If the ROV system uses Power over Ethernet (PoE or PoE+) for camera or sensor power — note that PoE+ provides up to 30W at 48V over the Ethernet pairs in addition to data. Our Cat6 cores are rated for PoE+ use with a maximum of 0.3A per conductor at 48V. Do not use PoE++ (90W, 4-pair power) on hybrid tethers without confirming power conductor current ratings — the combined current from PoE++ and separate power conductors may exceed jacket temperature limits.
Neutrally buoyant tethers are more compliant than armoured cables and benefit from wider drum flanges and level-wind mechanisms to prevent layer displacement during high-speed deployment.

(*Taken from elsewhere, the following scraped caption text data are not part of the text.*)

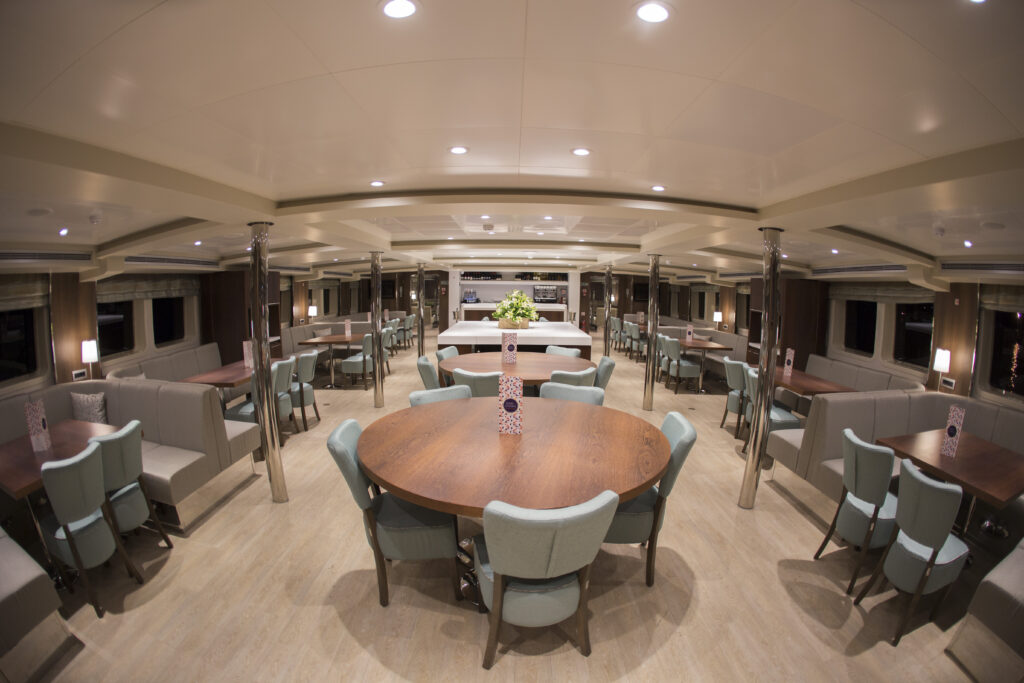 Cosmos - Business Lounge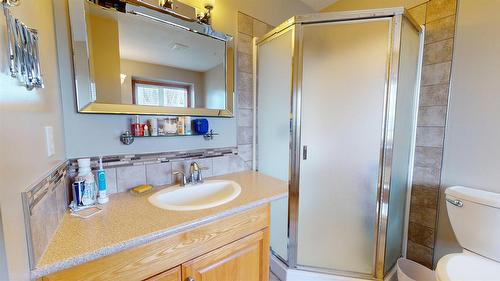 1308 20A Street, Cranbrook, BC - Indoor Photo Showing Bathroom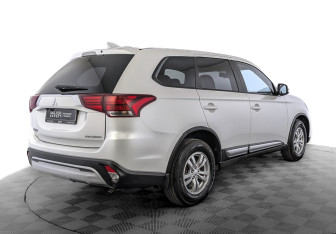 Подержанный автомобиль Mitsubishi Outlander 2018 года (5 фото)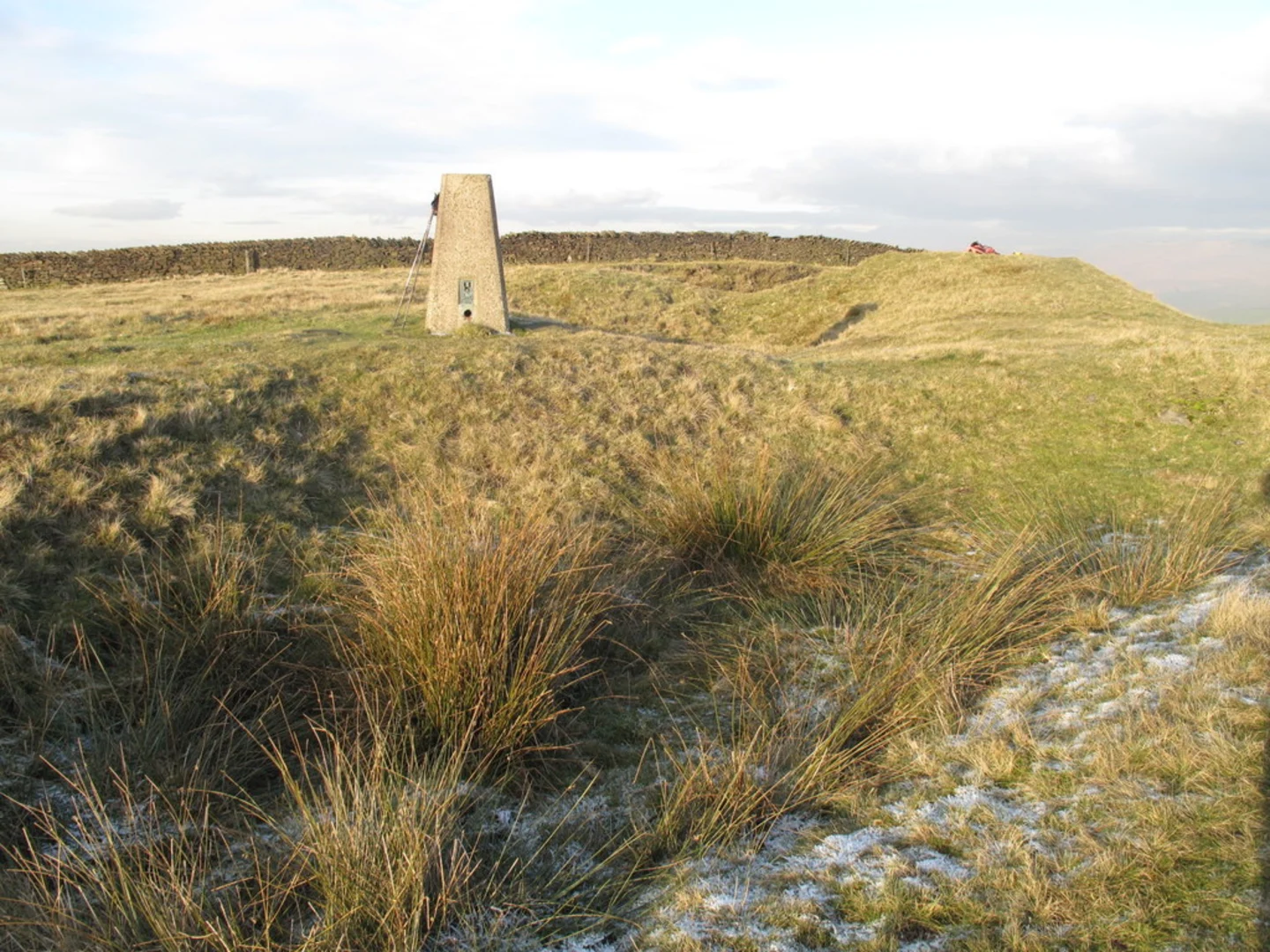 An image depicting the trail Chinley Churn and New Mills Loop and its surrounding area.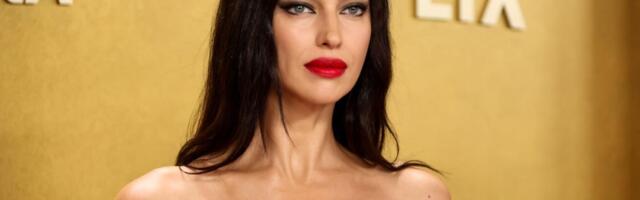 Irina Šajk jedva obuzdala bujne grudi: Manekenka u smelom izdanju, a svi gledaju njene obline kao hipnotisani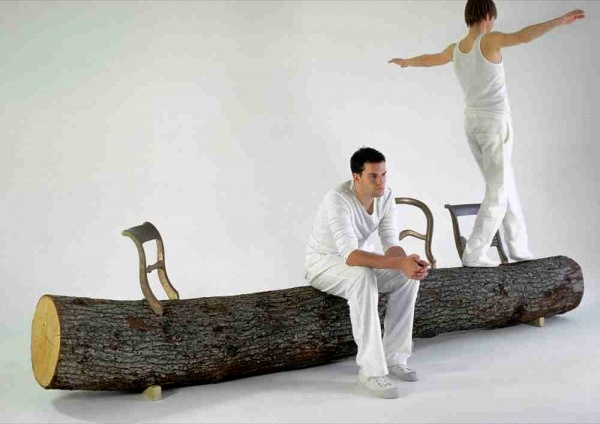 Tree trunk Bench от Jurgen Bey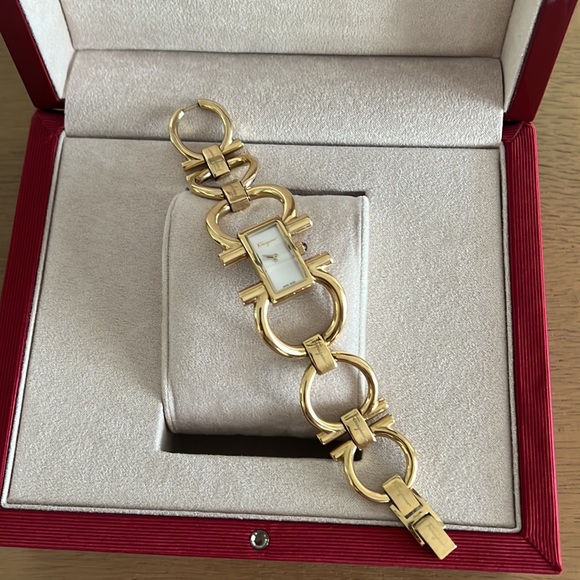 Ferragamo watch from the Double Gancini collection. Comes with box and dust bag - Picture 4 of 10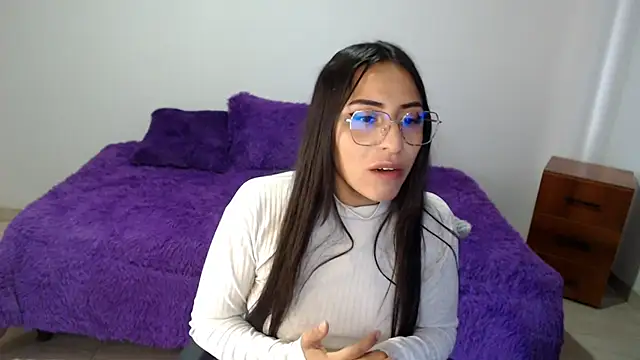 Snapshot of rosse77_ chatting on September 10, 1:44 pm rosse77 online show from September 10, 1:44 pm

When deploying at speeds above 0.5 m/s, use a cable brake to maintain light back-tension on the drum — this keeps each layer under slight tension as it spools, preventing the loose loops that cause level-wind tracking errors and cable kinking on the drum barrel.
Specify Ethernet standard (Cat5e/Cat6), power core count and AWG, optional signal pairs or fibre, buoyancy, break strength, and depth rating — we engineer the exact Gigabit ROV tether for your vehicle and mission.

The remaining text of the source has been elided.